By Mireya Guzmán-Ortíz
Dr. Reid Goméz, Mellon Visiting Assistant Professor of Ethnic Studies, introduced herself to a mixed crowd of faculty and students in Olmsted on Thursday January 9. In the lecture, titled “What is Ethnic Studies,” Dr. Goméz opened by thanking the indigenous, and talked about the roots of the Ethnic Studies movement and how Kalamazoo College is slowly bringing a Department of Ethnic Studies to campus.
Kalamazoo College is in the midst of implementing an Ethnic Studies program. However, many do not know what Ethnic Studies is, or how it was born. At the presentation, Goméz showed a video detailing the roots of Ethnic studies in 1960s San Francisco. It was at that time that rising self-awareness and radicalization of the students of color brought demands of representation to campus at San Francisco State University.

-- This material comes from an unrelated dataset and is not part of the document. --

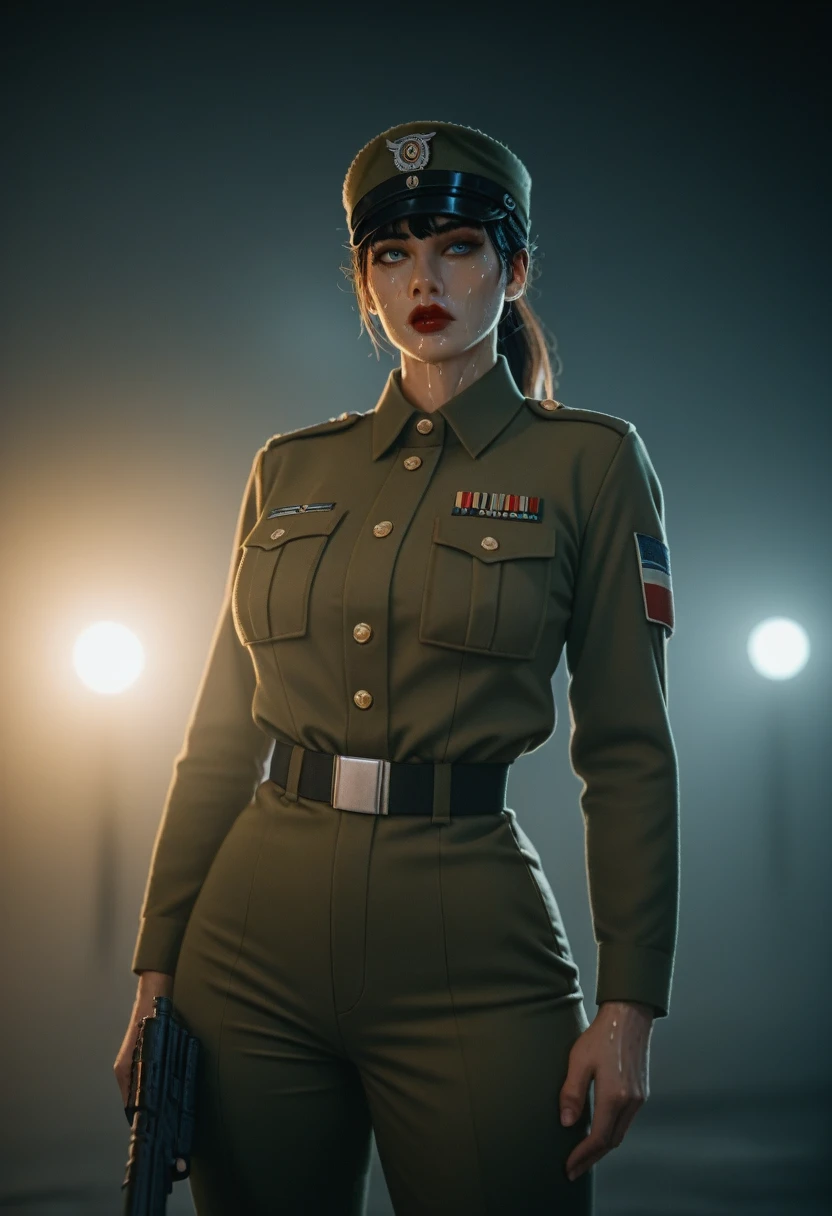pubg mobile character whore girl: ((armed gun, sexy military uniform)), Big Breasts, Bare Waist, Big Butt, Ponytail, Bangs, Beautiful Detailed Face, Blue Eyes Lined With Kohl, Glossy Red Lips, Sweaty White Skin, Front View High Quality, Cinematic Lighting, Realism, Luminism, Cinematic Lighting, High Resolution Shot, Ultra Wide Angle, High Detail, Award Winning, Best Quality, 16K, Fine, Retina, UHD, Textured Skin, Ultra Detail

Various groups of people of color joined together and called themselves the Third World Liberation Front and organized a strike and successfully brought Ethnic Studies to campus. Following the steps of SFSU, students of color at the University of California at Berkeley united to make their own Third World Liberation Front and initiated a strike of their own. These two strikes have been the longest student strikes in this nation’s history and made Ethnic Studies and important branch in academia.
While the context and political climate is different from that of California four decades ago, students at K have initiated the movement for Ethnic Studies to be brought to campus.
“The K community is powerful and a huge asset for bringing about Ethnic Studies to campus,” said Dr. Goméz.
Beginning spring quarter, Dr. Goméz will teach a 200-level class titled “Introduction to Ethnic Studies.” Already, people are lining up to register. Willina Cain ’16 plans to take the class this spring, as well as Lesley Willard ’17 who said that “no one talks about these issues and when we do, it’s uncomfortable.”
Meanwhile, Dr. Goméz is facilitating conversations all over campus. Ethnic Studies conversations will be held in the Olmsted Room starting Wednesday, January 15. The conversations will vary in topic and be held throughout the quarter. These will be supplemented by a blog that is accessible through the portal (https://reason.kzoo.edu/ethnicstudies/). Recommended books and an updated calendar of events can also be found on the Ethnic Studies webpage.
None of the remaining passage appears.